[Start of section]

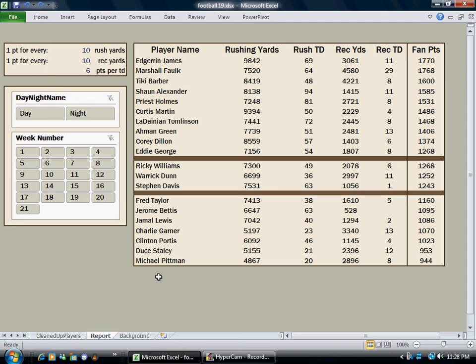Up until now, every time I've shown a Power Pivot report, it's always been some combination of pivot tables and pivot charts, which makes sense because this is Power Pivot after all. But today I'm going to show a report that is not a pivot of either flavor. In fact, there's no pivot table anywhere in this workbook.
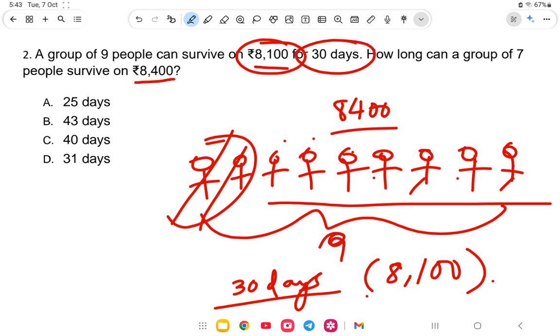Since the amount of money is more, it will be more than 30 days — perhaps around 35 days. Let us work it out.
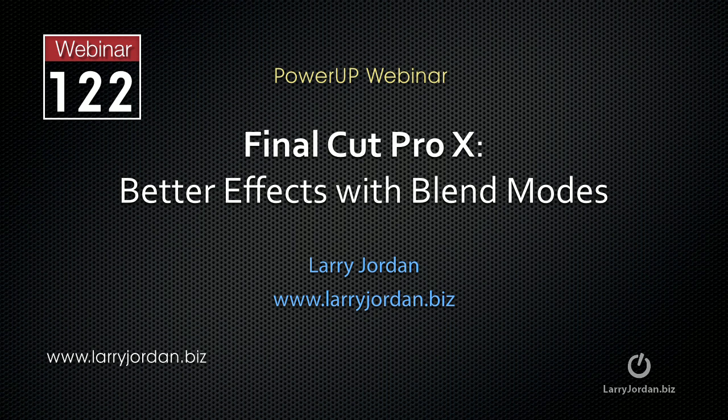Hi, this is Larry Jordan. This is an excerpt of a recent Power Up webinar entitled Better Effects with Blend Modes using Final Cut Pro X.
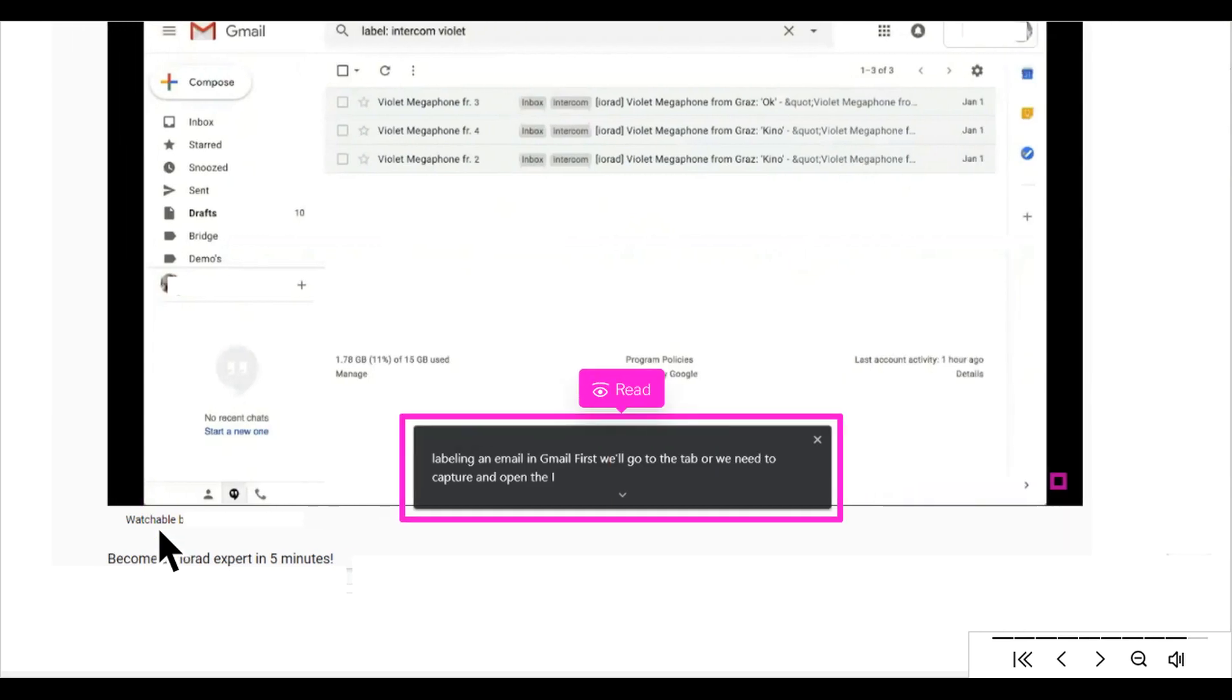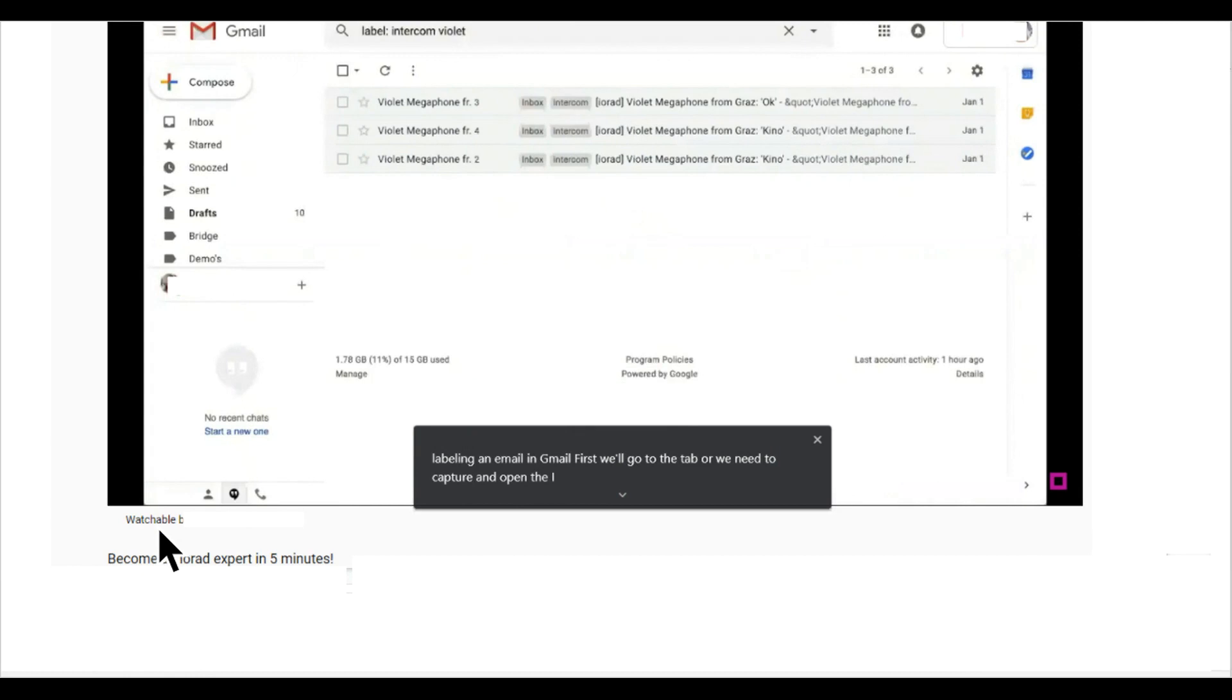You will now see a scrolling closed caption box at the bottom of the screen. You can click and drag the scrolling closed caption box to move it to another part of the screen.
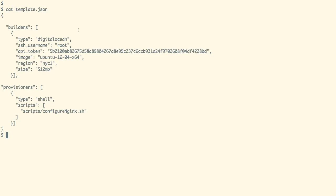Hi, in this demo we are going to see how we can use Packer to build images. For the demo we are going to use Packer along with DigitalOcean Cloud.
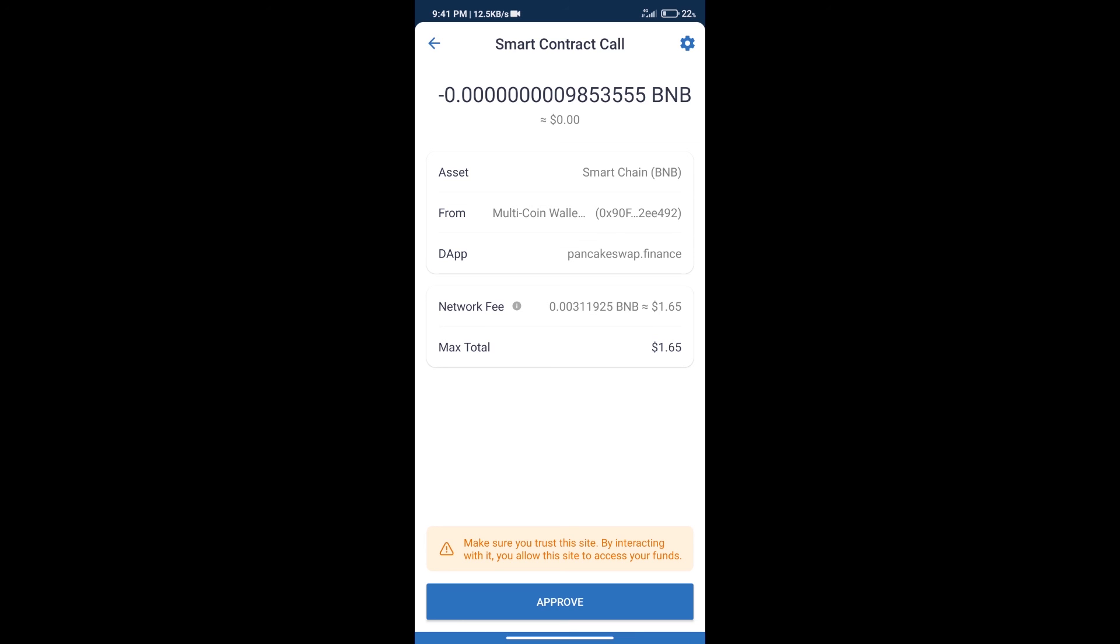And finally, we will get this token successfully. So guys, I have only shared technical process, not financial advice. Invest in cryptocurrency at own risk. Thanks for watching.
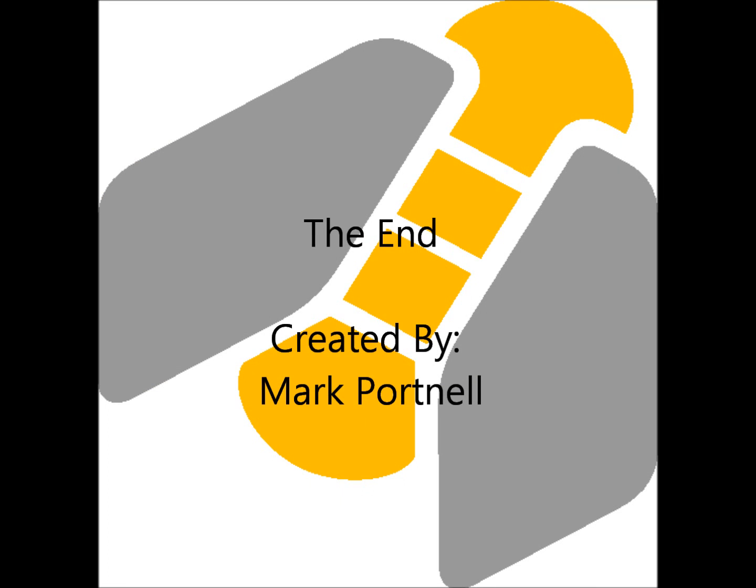This is the end of the tutorial. Not all the functions of Gantt Project have been covered by this tutorial. However, hopefully it has still helped your understanding of the product. Thanks for watching.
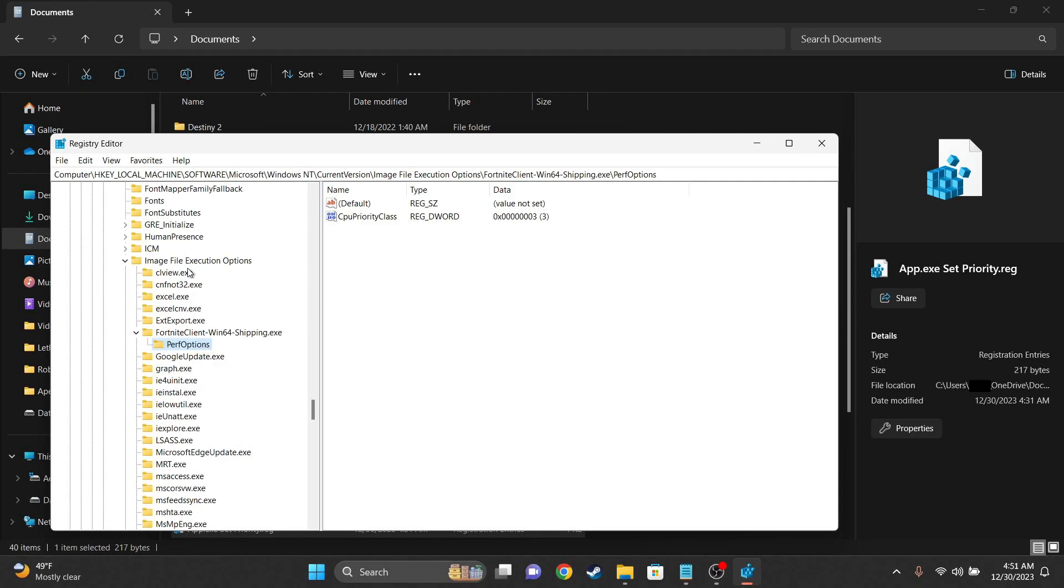If you can't find it, just follow the path on top, or copy and paste it from the description. I'll put it there too.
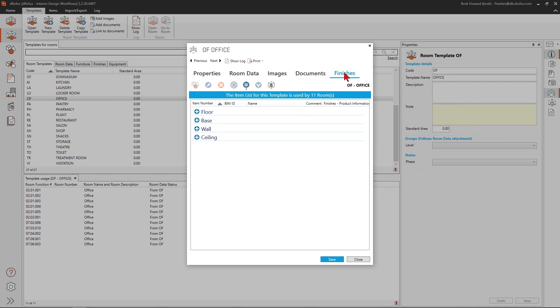One method of defining finishes is using an items list. We can use items list categories to define the location for our finishes.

[End of section]

> What you have to do: What the response needs is every entry, repeated exactly, and none of the pictures.

> Solved problem:
Up until now, every time I've shown a Power Pivot report, it's always been some combination of pivot tables and pivot charts, which makes sense because this is Power Pivot after all. But today I'm going to show a report that is not a pivot of either flavor. In fact, there's no pivot table anywhere in this workbook.
Since the amount of money is more, it will be more than 30 days — perhaps around 35 days. Let us work it out.
Hi, this is Larry Jordan. This is an excerpt of a recent Power Up webinar entitled Better Effects with Blend Modes using Final Cut Pro X.
You will now see a scrolling closed caption box at the bottom of the screen. You can click and drag the scrolling closed caption box to move it to another part of the screen.
Hi, in this demo we are going to see how we can use Packer to build images. For the demo we are going to use Packer along with DigitalOcean Cloud.
And finally, we will get this token successfully. So guys, I have only shared technical process, not financial advice. Invest in cryptocurrency at own risk. Thanks for watching.
This is the end of the tutorial. Not all the functions of Gantt Project have been covered by this tutorial. However, hopefully it has still helped your understanding of the product. Thanks for watching.
If you can't find it, just follow the path on top, or copy and paste it from the description. I'll put it there too.
One method of defining finishes is using an items list. We can use items list categories to define the location for our finishes.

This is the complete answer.